Department of Statistics, The University of Chicago, 5734 S. University Ave., Chicago, IL 60637.
Department of Medicine, The University of Chicago, 5734 S. University Ave., Chicago, IL 60637.
Genet Epidemiol. 2010 Apr;34(3):222-231. doi: 10.1002/gepi.20452.

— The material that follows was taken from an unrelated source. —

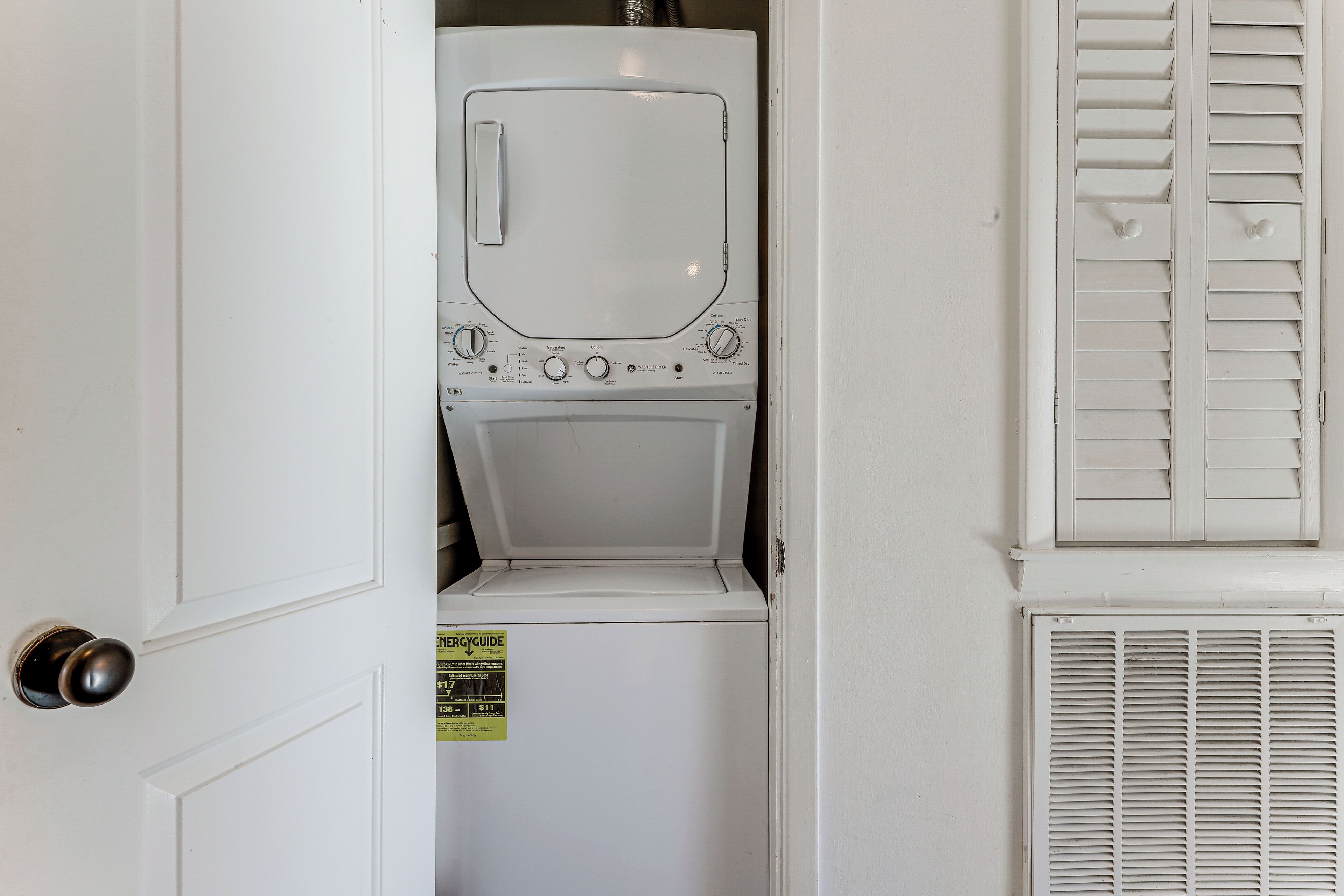 Máquina de lavar roupa branca numa lavanderia, com porta e ventilação.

In the setting of genome-wide association studies, we propose a method for assigning a measure of significance to pre-defined sets of markers in the genome. The sets can be genes, conserved regions, or groups of genes such as pathways. Using the proposed methods and algorithms, evidence for association between a particular functional unit and a disease status can be obtained not just by the presence of a strong signal from a SNP within it, but also by the combination of several simultaneous weaker signals that are not strongly correlated. This approach has several advantages. First, moderately strong signals from different SNPs are combined to obtain a much stronger signal for the set, therefore increasing power. Second, in combination with methods that provide information on untyped markers, it leads to results that can be readily combined across studies and platforms that might use different SNPs. Third, the results are easy to interpret, since they refer to functional sets of markers that are likely to behave as a unit in their phenotypic effect. Finally, the availability of gene-level P-values for association is the first step in developing methods that integrate information from pathways and networks with genome-wide association data, and these can lead to a better understanding of the complex traits genetic architecture. The power of the approach is investigated in simulated and real datasets. Novel Crohn's disease associations are found using the WTCCC data.
在全基因组关联研究中,我们提出了一种方法,用于为基因组中预先定义的标记集分配显著性度量。这些标记集可以是基因、保守区域或基因群,如途径。使用提出的方法和算法,可以通过特定功能单元与疾病状态之间的关联的证据,不仅来自其中 SNP 的强信号,还可以来自几个同时存在但相关性不强的较弱信号的组合。这种方法有几个优点。首先,来自不同 SNP 的中等强度信号被组合在一起,为集合获得了更强的信号,从而提高了功效。其次,与提供未分型标记信息的方法相结合,它可以得到易于在不同研究和平台之间组合的结果,这些平台可能使用不同的 SNP。第三,结果易于解释,因为它们涉及到功能标记集,这些标记集在表型效应中可能表现为一个单元。最后,基因水平关联的 P 值的可用性是开发将途径和网络信息与全基因组关联数据集成的方法的第一步,这些方法可以更好地理解复杂性状的遗传结构。在模拟和真实数据集上研究了该方法的功效。使用 WTCCC 数据发现了新的克罗恩病关联。